La historia del fútbol (sin duda alguna el deporte más popular del planeta) está llena de episodios violentos, en los que los jugadores resuelven sus disputas a puños o a patadas sin que los estados en los que esto sucede tomen cartas en el asunto. El rodillazo que el arquero alemán Harald Schumacher le propinó al delantero francés Patrick Battiston en el mundial de España 82 y el golpe del defensor sevillano Javi Navarro que casi mata al delantero del Real Mallorca Juan Arango, en marzo de este año, son ejemplos memorables.
En todos estos casos –salvo excepciones que confirman la norma- las fiscalías y los tribunales penales se han cruzado de brazos, dejando pasar auténticos delitos flagrantes, a menudo cometidos ante los ojos de millones de personas, gracias a que son transmitidos por televisión.

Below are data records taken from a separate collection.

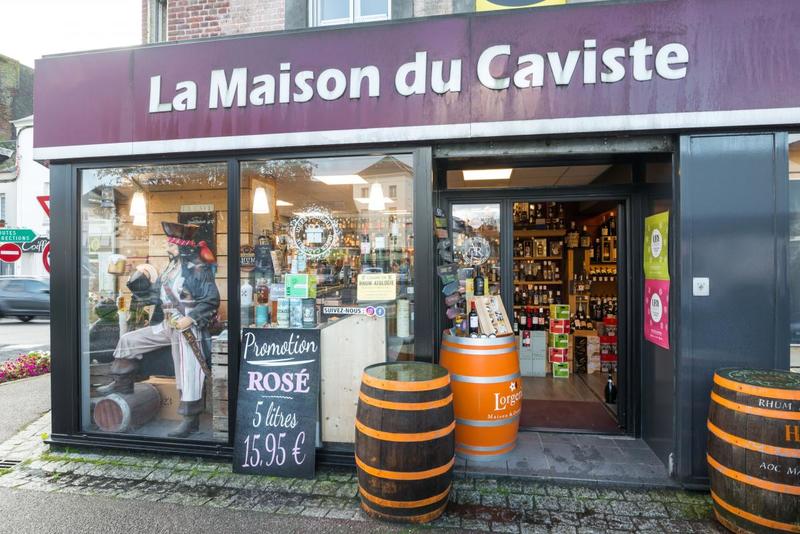 La Maison du Caviste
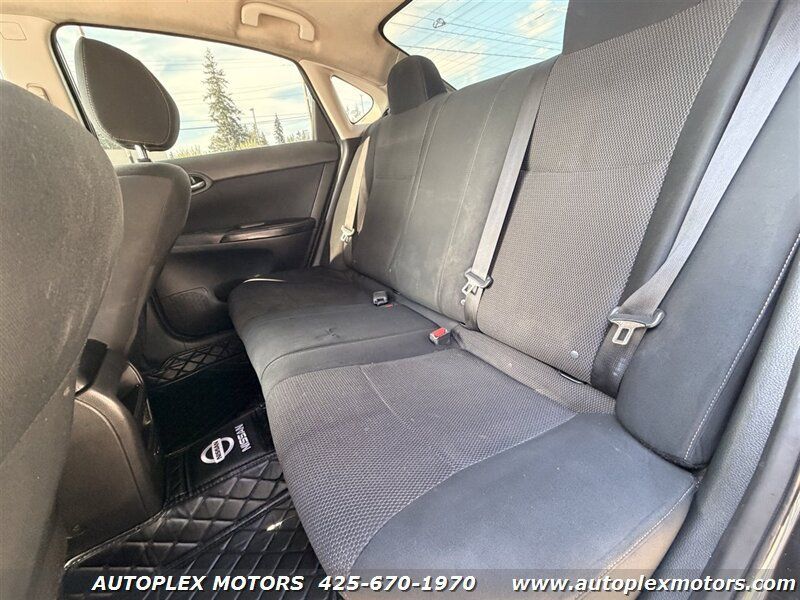 Used 2019 Nissan Sentra S FWD image 11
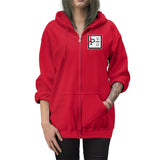 Unisex Zip Up Hoodie - PVO Store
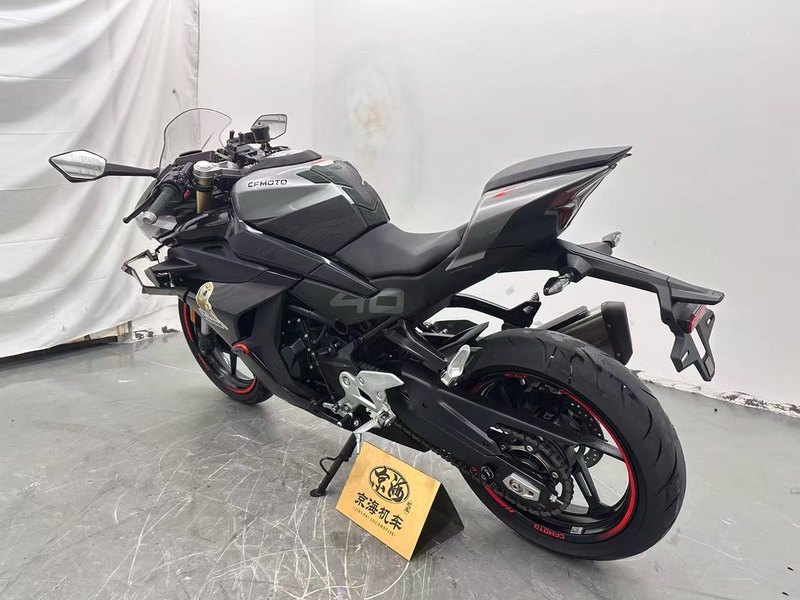 二手春风450SR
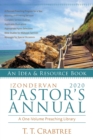 The Zondervan 2020 Pastor's Annual : An Idea and Resource Book - Book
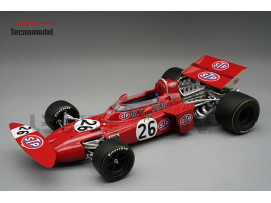 MARCH 711 COSWORTH V8 - AUSTRIA GP 1971 (N. LAUDA)
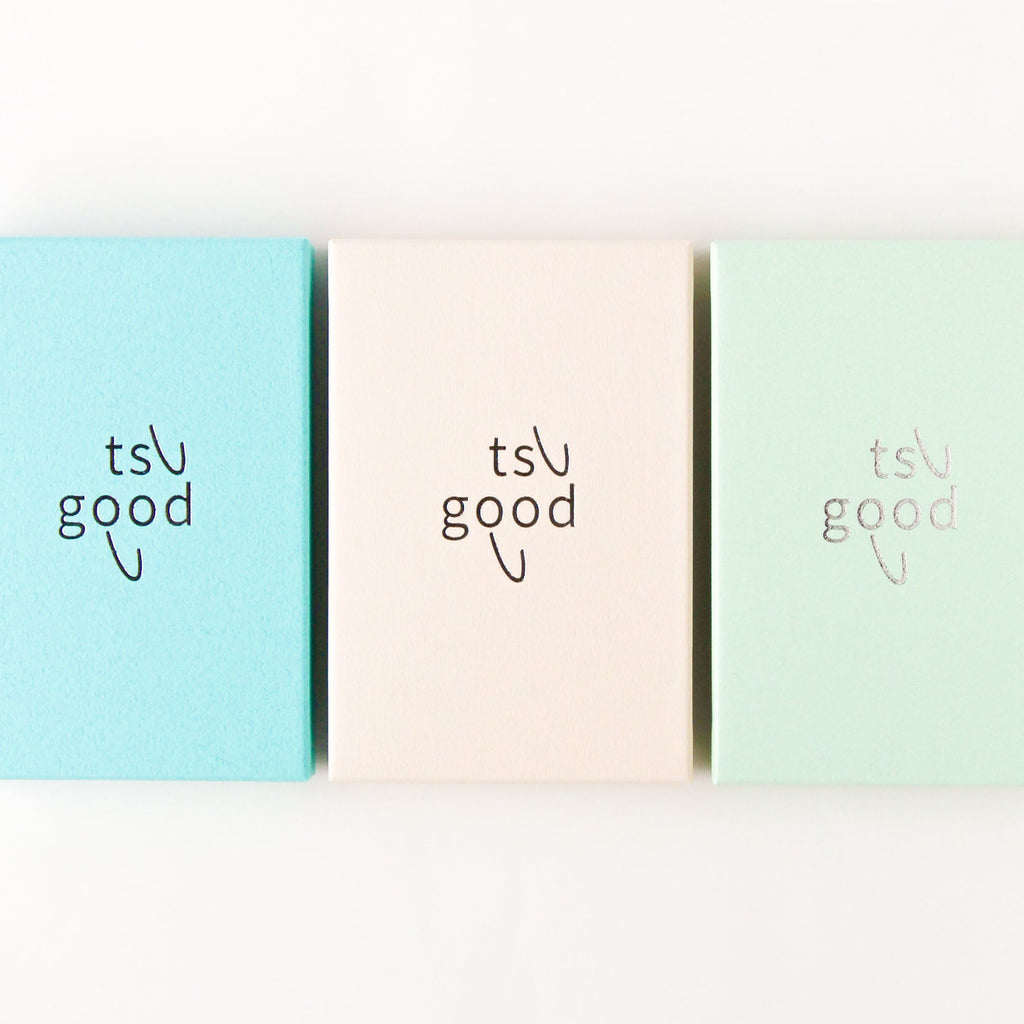 子どもと親のための爪やすり「つgood(つグット)」プレゼント用化粧箱入り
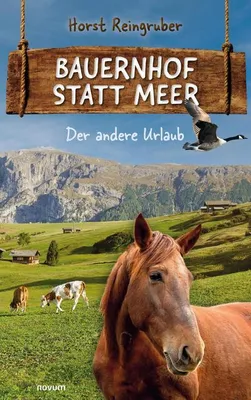 Immagine prodotto di Bauernhof statt Meer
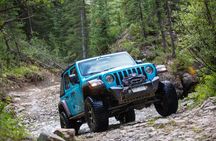 Private Jeep Tour in Vail – You Drive, We Guide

Pareciera que los jugadores, los clubes y aún más los estados donde se practica este fabuloso deporte han llegado a un acuerdo no escrito según el cual lo que sucede en la cancha se resuelve dentro de ella, por más grave que sea el asunto. Las víctimas como Battiston o Arango no pueden acudir a las cortes penales pues serían execrados del circuito futbolístico regido por una institución con más países afiliados que las propias Naciones Unidas: la Federación Internacional de Fútbol Asociado (FIFA).
La FIFA opera como una suerte de gobierno supranacional para los asuntos del fútbol, y todo lo que rodea la organización y realización de los juegos. Su norma más importante es el Código Disciplinario, que se aplica sobre las asociaciones nacionales y sus miembros, “en particular los clubes”; los árbitros, los jugadores (hombres o mujeres), personas o entidades autorizadas por la federación para organizar un evento y, finalmente, los espectadores.
En el artículo 47 de esa norma, por ejemplo, se establece que “un jugador que deliberadamente asalte a alguien físicamente o dañe su salud será suspendido hasta por 4 juegos”. Esta pena se reducirá a la mitad si no se verifica un daño físico.
Es lógico que esta federación intente colocar bajo su jurisdicción la mayor cantidad de incidencias posibles dentro de los 5 mil metros cuadrados que hacen un gramado profesional, así como las gradas que lo rodean. Esa es una expresión más del poder de esta organización. Un poder que deriva no sólo de la cantidad de afiliados a lo largo y ancho de todo el mundo, sino también de toda la actividad económica que se desarrolla en torno a este deporte. El presupuesto de gastos operativos para la FIFA en 2005 supera los 700 millones de euros, según cifras oficiales. Pero esto no indica las verdaderas fortunas que moviliza el fútbol por concepto de publicidad, ventas de artículos y “mercadeo” de jugadores. Todo un supraestado.
Lo que no tiene explicación es que los estados, tradicionalmente tan celosos en cuanto a la preservación de su soberanía, se crucen de brazos cuando se trata de aplicar sus leyes penales para sancionar hechos de violencia manifiesta y dolosa entre los jugadores. Esa “impunidad” podría ser la explicación para otros sucesos más graves que se reportan antes y después de los partidos, tanto en las gradas como en las proximidades de los estadios.